Classic attack vectors re-emerge; Cisco
On 10th anniversary Cisco's 2017 Annual Cybersecurity report, CSOs reveal true cost of breaches and the actions that organisations are taking
Research by Cisco has highlighted that organisations fail to advance their security posture due to budget constraints, poor compatibility of systems, and a lack of trained talent.
According to Cisco's 2017 Annual Cybersecurity report (2017 ACR), over one-third of organisations that experienced a breach in 2016 reported substantial customer, opportunity and revenue loss.
Other findings from the 2017 ACR discovered that 22% of breached organisations lost customers, 29% lost revenue, and 23% lost business opportunities.
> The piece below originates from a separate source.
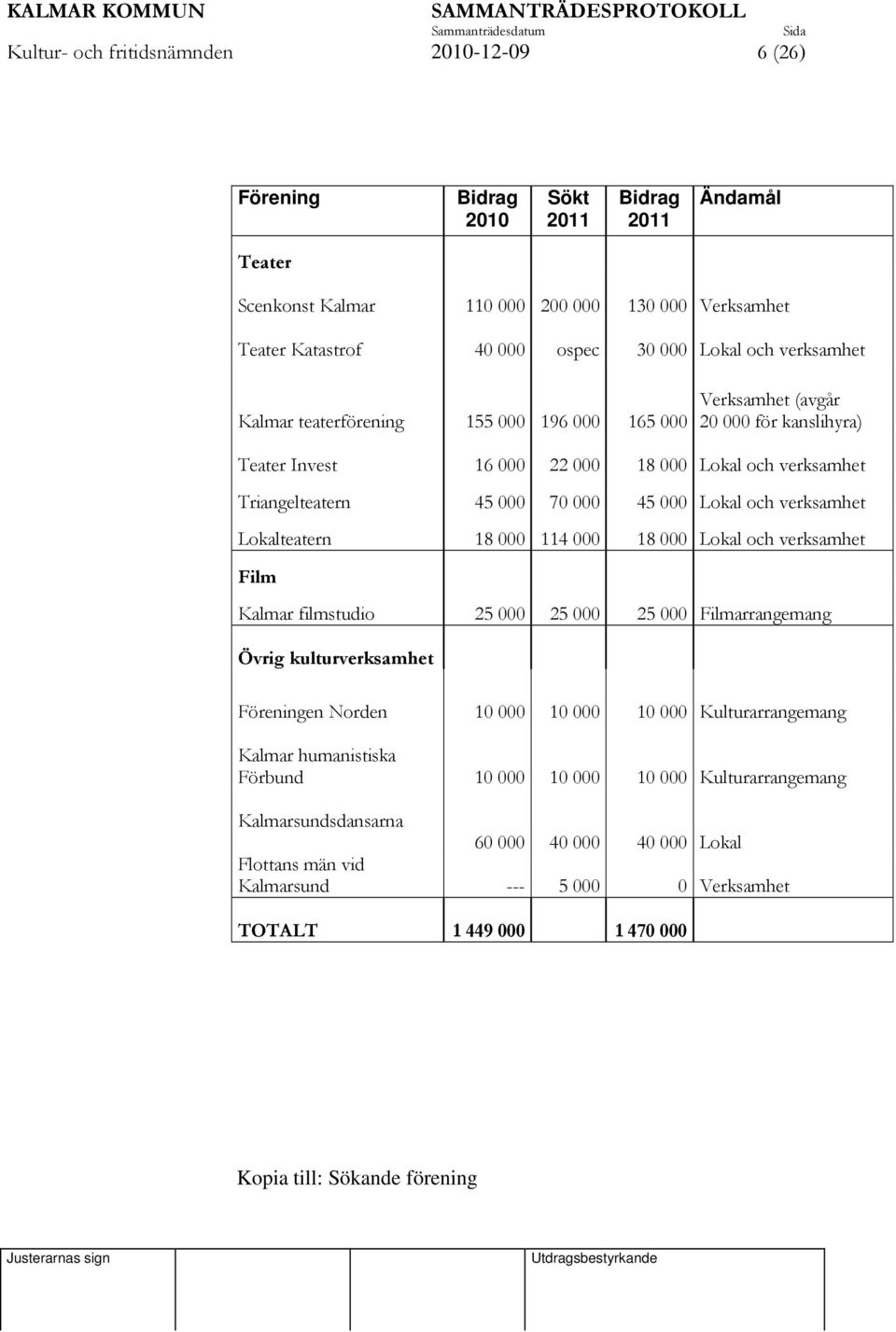 Lokal och verksamhet Lokalteatern 18 000 114 000 18 000 Lokal och verksamhet Film Kalmar filmstudio 25 000 25 000 25 000 Filmarrangemang Övrig kulturverksamhet Föreningen Norden 10 000 10 000 10 000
The report discovered that 90% of organisations are improving their threat defences, increasing security awareness training, and implementing risk mitigation techniques. However, leaders believe that security departments using from six to 50 security products are creating complex environments.
The report also showed that there is a resurgence of ‘classic' attack vectors, such as adware and email spam, the latter at levels not seen since 2010. Spam accounts for nearly 65% of email with eight to 10% cited as malicious. Global spam volume is rising, often spread by large and thriving botnets.
Shukri Eid, managing director, East Region, Cisco Middle East, said: "In 2017, cyber is business, and business is cyber - that requires a different conversation, and very different outcomes. Relentless improvement is required and that should be measured via efficacy, cost, and well managed risk. The 2017 Annual Cybersecurity Report demonstrates, and I hope justifies, answers to our struggles on budget, personnel, innovation and architecture."
Scott Manson, cyber security leader for Middle East and Turkey, Cisco, added: "One of our key metrics highlighted in the 2017 Annual Cybersecurity Report is the ‘time to detection' - the time it takes to find and mitigate against malicious activity. We have brought that number down to as low as six hours. A new metric - the ‘time to evolve' - looked at how quickly threat actors changed their attacks to mask their identity. With these and other measures gleaned from report findings, and working with organisations to automate and integrate their threat defence, we can better help them minimise financial and operational risk and grow their business."